今もどこかの町で歯を食いしばって泣くのを我慢してる男の子がいて、ポケットの中に忍ばせた折りたたみ式のナイフを握って堪えていて、優しくて大きな犬が頬を舐める、そんなことになっているかもしれない、犬には男の子の怒りと悲しみの理由がわからないけど、男の子が一線を超えないようにペロペロと頬を舐めることができる、男の子もその優しさを感じとってこの世界に自分は一人じゃないってことを知るんだろう、僕も子供ができたら大きな犬を飼った方がいいかもしれない。
今もどこかの町で浮浪者が若者を捕まえて昔の話をして、お酒を奢ってもらって、歯の少なくなった口の中いっぱいで咀嚼して、不味くて安いだけの酒を精一杯味わってハハハと高笑いしているに違いない、それは未来の僕の姿かもしれないけど、そういう未来も悪くないかもしれないね。
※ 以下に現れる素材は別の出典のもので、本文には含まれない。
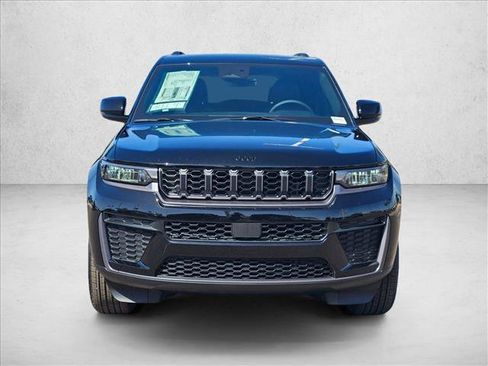New 2026 Jeep Grand Cherokee Altitude AWD/4WD image 6
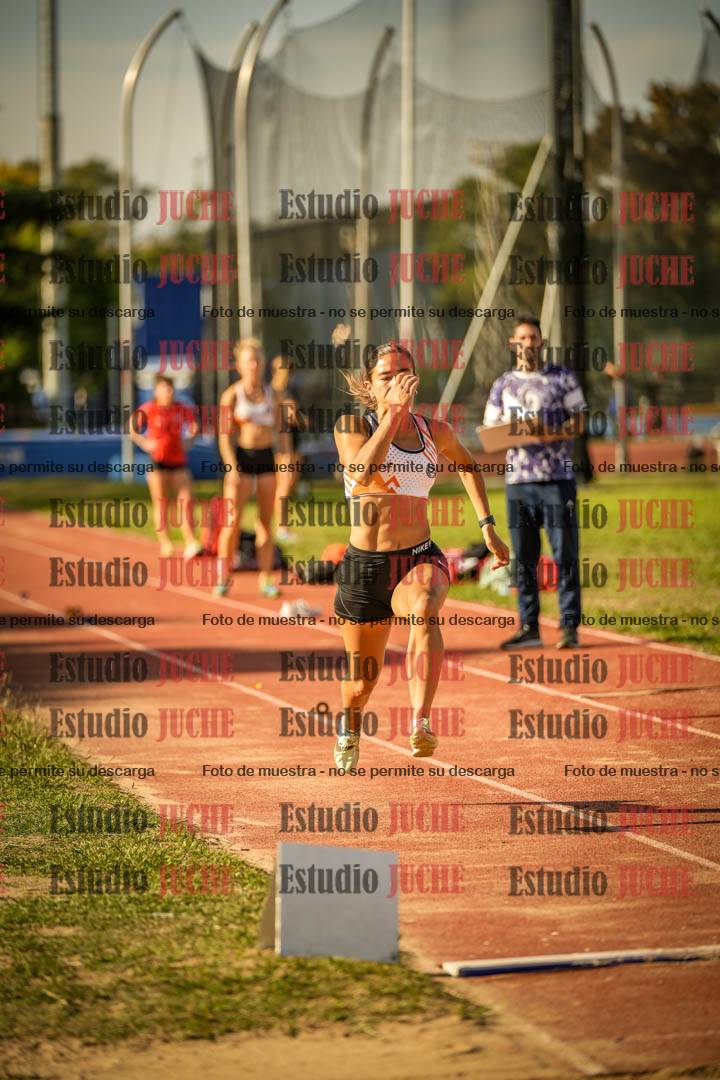 Fotos del salto en largo de mujeres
僕の家の天井裏に勘の鋭いネズミがいてこの妄想をキモイキモイとチューチュー鳴いているかもしれない。でもその鳴き声は聞こえないので僕の耳が腐っているか、勘の鋭いネズミはいないかのどちらかでしょう。勘の鋭いネズミがいないのは寂しいので僕の耳は腐っていると思いたいのだが、さっきから選挙カーがうるさいのでもしかしたら勘の鋭いネズミはいないのかもしれない。